The reply must repeat each entry exactly and contain no pictures.

**** Records for the exercise

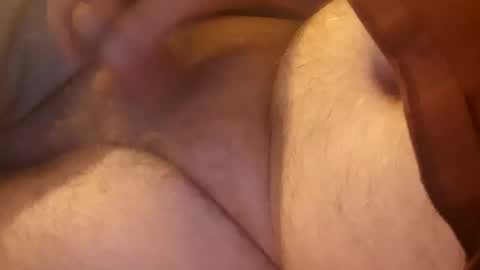 gazb0 online show from December 21, 1:02 am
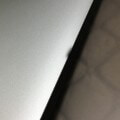 macbook-air-prodaza-apple-macbook-air-v-prage (8)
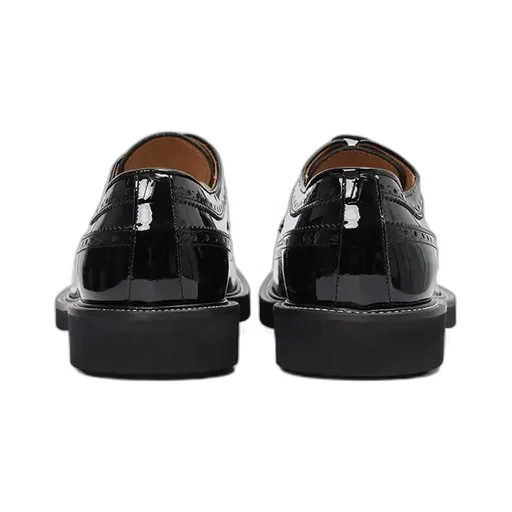 Casual Business Shoes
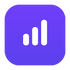 BusinessHRM logo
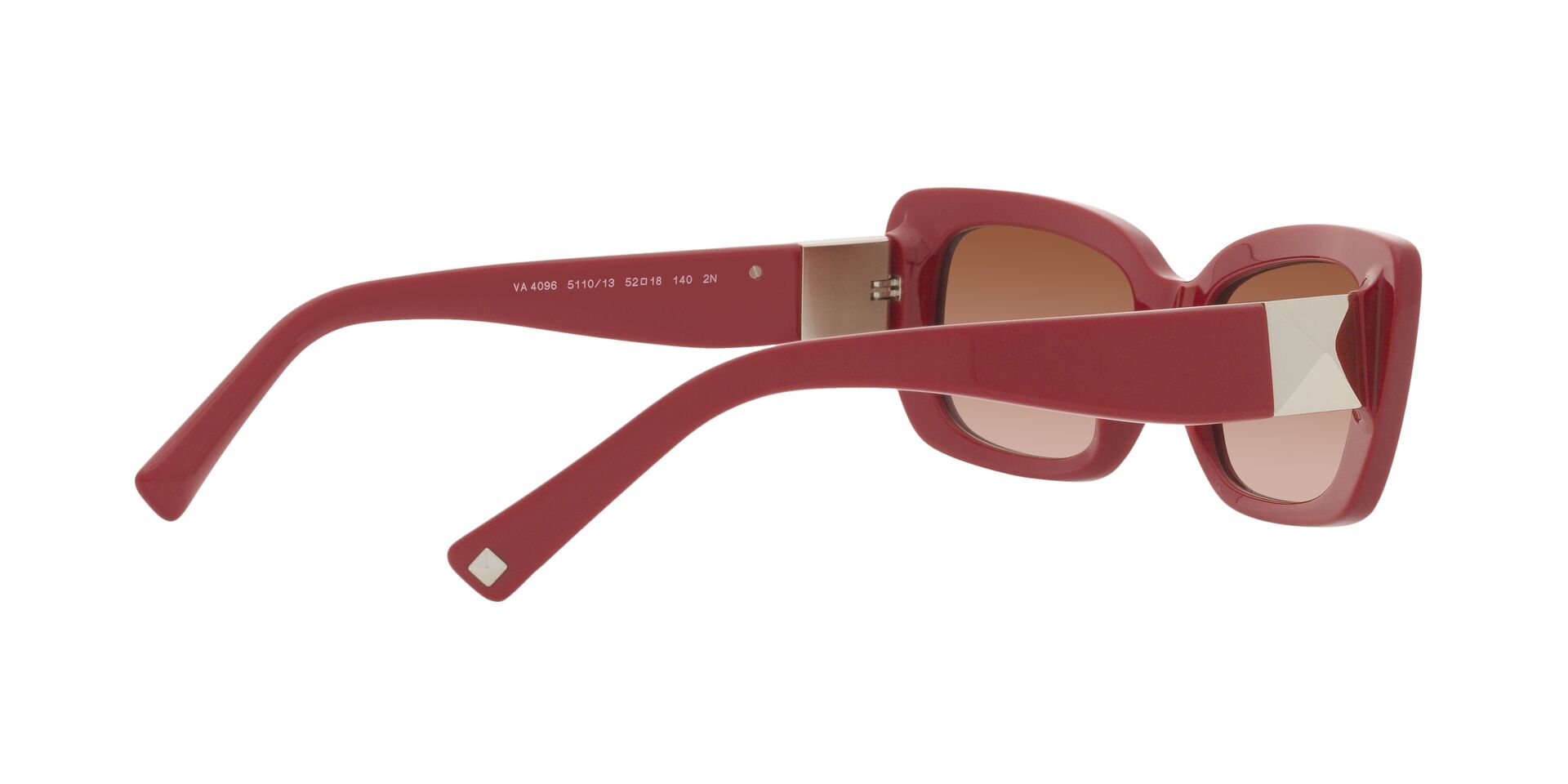 VALENTINO 4096 5110/13 - Image 11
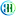 Jiuxinfrp.com Favicon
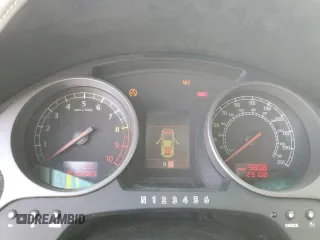 2005 Lamborghini Gallardo z VIN ZHWGU11S35LA02379, wystawiony jako Copart lot #75365184 z przebiegiem 23 102 mil mil oraz Nie do naprawy. Historia ofert i sprzedaży dostępna na DreamBid. Obrazek 9.
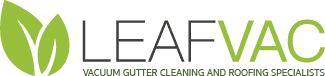 Image for LeafVac with ID of: 2205638
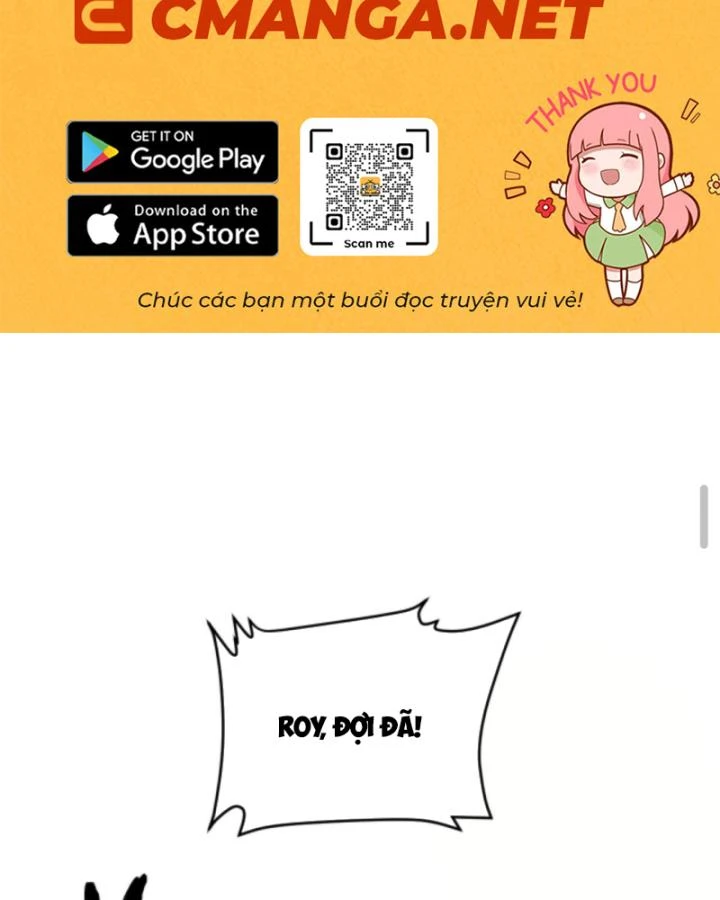 Cả Server Đều Muốn Ám Sát Ta Chapter 148 - 2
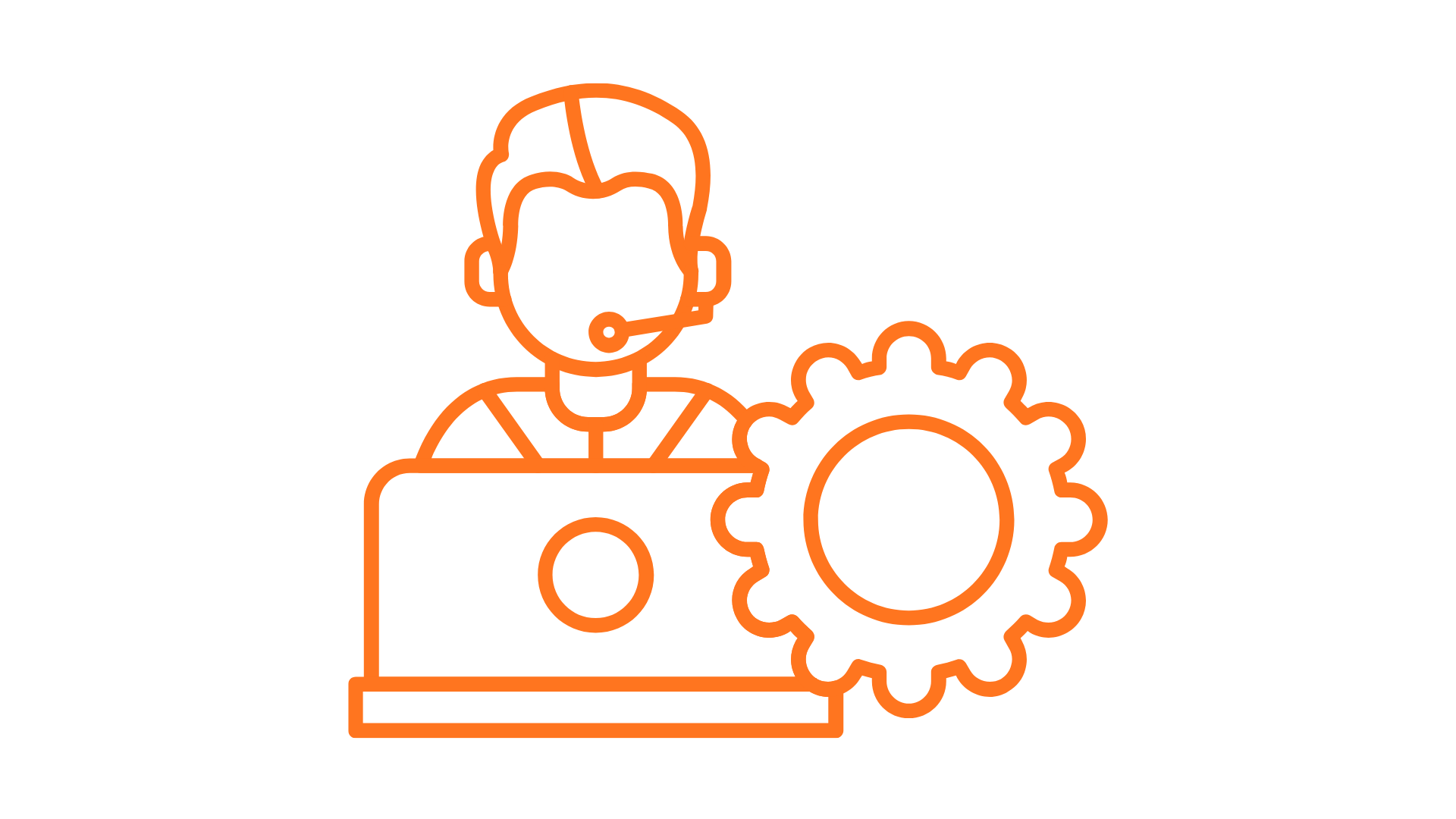 Umbraco Support India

********

#### [Solution to the problem]
 gazb0 online show from December 21, 1:02 am
 macbook-air-prodaza-apple-macbook-air-v-prage (8)
 Casual Business Shoes
 BusinessHRM logo
 VALENTINO 4096 5110/13 - Image 11
 Jiuxinfrp.com Favicon
 2005 Lamborghini Gallardo z VIN ZHWGU11S35LA02379, wystawiony jako Copart lot #75365184 z przebiegiem 23 102 mil mil oraz Nie do naprawy. Historia ofert i sprzedaży dostępna na DreamBid. Obrazek 9.
 Image for LeafVac with ID of: 2205638
 Cả Server Đều Muốn Ám Sát Ta Chapter 148 - 2
 Umbraco Support India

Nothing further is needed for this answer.